The same thing applies to other recent cases, like the 2005 murder of Dublin man Joseph Rafferty, who had got into an argument with someone with IRA connections. Or to the sex abuse cases of Mairia Cahill and Paudie McGahon. Sinn Fein doesn't know and cannot help.

It also extends to the rampant criminality along the border involving diesel washing, smuggling and intimidation carried out by former IRA members and their hangers on. Sinn Fein condemns this criminality and calls on people to cooperate with the police. But little of real substance is done to end what is going on, even though those involved are well known to Sinn Fein.

It's like the Northern Bank robbery in Belfast in 2004, one of the biggest bank robberies ever, which Sinn Fein also claimed to know nothing about, even though eventually a few people in Dublin and Cork with Sinn Fein and IRA connections were caught with Northern bank notes. That's another one that remains largely unsolved.

The worrying thing about all this is that most of it happened since the IRA ceasefire began and Republicans are supposed to have moved on to an exclusively political track with Sinn Fein.

And now we have the more recent reports by the police on both sides of the border in the wake of this year's Davison and McGuigan murders not only that the IRA still exists, but that it has arms, is capable of enforcing its will and has "overarching" control of Sinn Fein.

Variations of the Sinn Fein tactics described above have been used to deny or ridicule all of this, of course, and will be in the future. But the majority of people here are by now well used to these Sinn Fein postures and are not convinced by them.

There is a general understanding here that it will take time to completely deal with and eradicate the criminality and occasional violence left in the wake of the IRA war. The worrying thing is that instead of grappling with the problem and pushing to solve it, Sinn Fein appears to be in denial much of the time.

This appears to be part of an understanding among Republicans that as long as "the boys" stick to ordinary crime and don't start shooting soldiers or police, they can be left to get on with it, within reason.
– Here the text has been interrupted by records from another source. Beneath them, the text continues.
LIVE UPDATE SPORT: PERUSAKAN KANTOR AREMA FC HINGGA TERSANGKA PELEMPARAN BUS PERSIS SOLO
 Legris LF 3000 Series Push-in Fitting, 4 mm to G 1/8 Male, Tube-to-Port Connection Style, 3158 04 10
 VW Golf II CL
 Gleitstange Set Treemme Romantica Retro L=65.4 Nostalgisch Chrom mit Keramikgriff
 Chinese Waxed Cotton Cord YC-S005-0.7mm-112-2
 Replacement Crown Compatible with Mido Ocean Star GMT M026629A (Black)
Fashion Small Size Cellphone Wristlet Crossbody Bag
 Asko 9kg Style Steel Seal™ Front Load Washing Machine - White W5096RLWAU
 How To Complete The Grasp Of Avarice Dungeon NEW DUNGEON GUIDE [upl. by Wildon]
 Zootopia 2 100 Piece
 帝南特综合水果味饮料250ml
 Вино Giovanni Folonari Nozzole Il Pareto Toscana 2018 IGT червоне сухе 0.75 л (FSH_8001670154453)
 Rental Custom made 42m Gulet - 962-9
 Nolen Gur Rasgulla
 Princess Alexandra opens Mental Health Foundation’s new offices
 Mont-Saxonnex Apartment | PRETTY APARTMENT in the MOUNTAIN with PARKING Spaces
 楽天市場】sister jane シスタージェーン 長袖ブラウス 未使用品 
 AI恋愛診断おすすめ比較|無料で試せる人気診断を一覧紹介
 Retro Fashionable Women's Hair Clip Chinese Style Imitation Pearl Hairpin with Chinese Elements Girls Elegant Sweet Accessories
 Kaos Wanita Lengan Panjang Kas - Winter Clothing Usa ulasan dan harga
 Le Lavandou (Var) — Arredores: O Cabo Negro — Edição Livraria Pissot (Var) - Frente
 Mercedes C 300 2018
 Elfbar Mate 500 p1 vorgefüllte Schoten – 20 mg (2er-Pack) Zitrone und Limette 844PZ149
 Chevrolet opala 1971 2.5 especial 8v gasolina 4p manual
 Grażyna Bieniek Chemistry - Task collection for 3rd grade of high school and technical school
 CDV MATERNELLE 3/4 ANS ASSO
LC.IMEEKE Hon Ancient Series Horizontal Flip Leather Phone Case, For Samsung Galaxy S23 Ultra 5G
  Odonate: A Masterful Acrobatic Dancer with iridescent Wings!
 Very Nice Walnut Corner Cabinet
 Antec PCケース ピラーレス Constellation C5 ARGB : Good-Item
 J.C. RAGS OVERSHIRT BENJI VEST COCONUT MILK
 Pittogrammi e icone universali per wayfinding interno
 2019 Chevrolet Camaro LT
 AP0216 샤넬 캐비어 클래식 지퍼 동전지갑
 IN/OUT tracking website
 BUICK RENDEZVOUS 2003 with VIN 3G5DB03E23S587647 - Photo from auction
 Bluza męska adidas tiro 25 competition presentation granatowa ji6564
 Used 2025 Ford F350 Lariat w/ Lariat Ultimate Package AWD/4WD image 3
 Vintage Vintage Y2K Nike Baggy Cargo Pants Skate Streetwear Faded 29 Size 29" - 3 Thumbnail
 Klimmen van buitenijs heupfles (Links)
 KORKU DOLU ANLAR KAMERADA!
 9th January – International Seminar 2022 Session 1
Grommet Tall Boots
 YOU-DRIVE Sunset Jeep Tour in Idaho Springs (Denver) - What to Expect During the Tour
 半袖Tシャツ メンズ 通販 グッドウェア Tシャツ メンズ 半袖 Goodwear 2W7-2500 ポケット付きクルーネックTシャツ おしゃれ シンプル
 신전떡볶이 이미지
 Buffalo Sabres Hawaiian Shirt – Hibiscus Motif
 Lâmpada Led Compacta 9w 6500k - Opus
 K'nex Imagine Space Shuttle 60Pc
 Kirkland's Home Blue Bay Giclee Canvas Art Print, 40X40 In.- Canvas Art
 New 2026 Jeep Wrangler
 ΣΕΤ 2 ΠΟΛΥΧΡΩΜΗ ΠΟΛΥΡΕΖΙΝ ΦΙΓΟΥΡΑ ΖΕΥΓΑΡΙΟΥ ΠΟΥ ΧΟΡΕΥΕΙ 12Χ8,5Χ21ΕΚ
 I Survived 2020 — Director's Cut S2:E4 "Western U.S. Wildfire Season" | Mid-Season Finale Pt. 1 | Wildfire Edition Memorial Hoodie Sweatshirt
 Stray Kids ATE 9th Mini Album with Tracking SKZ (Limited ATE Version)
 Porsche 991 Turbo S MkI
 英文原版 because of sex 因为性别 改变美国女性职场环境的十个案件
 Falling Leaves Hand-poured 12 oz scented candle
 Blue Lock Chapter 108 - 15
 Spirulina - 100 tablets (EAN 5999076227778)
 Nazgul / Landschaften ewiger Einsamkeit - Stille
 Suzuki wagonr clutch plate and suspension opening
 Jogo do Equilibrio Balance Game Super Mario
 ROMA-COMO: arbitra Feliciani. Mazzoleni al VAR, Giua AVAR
God forbid they should have to work for a living.

It is also about creating a narrative which in the long run will mean that all those involved in the recent Troubles will be seen as heroes like the men of 1916. Demeaning them at this stage is not part of the peace bargain and would not help in creating this narrative. That is why Sinn Fein always refers to IRA brutality and criminality as "wrong,” in the sense that it is a mistake or ill-judged, but never condemns those involved outright as thugs or killers.

All of this explains why most people here would not be prepared to attend a glitzy fundraising dinner for Sinn Fein at which its leaders are lionized. It's a matter of trust -- and all those unanswered questions. And that's before we even consider what their left wing economic policies -- and their cynical political opportunism on difficult issues like property and water taxes --- would do to the country.

No doubt the 700 well off Irish Americans who were at the Sinn Fein dinner in Manhattan last week love the old country and mean well. But how they can justify putting Sinn Fein on such a pedestal at this early stage in that party's journey to normality is hard for people here to understand.

Likewise turning Gerry Adams into a hero. Maybe some of them will explain in the Irish Voice or on IrishCentral.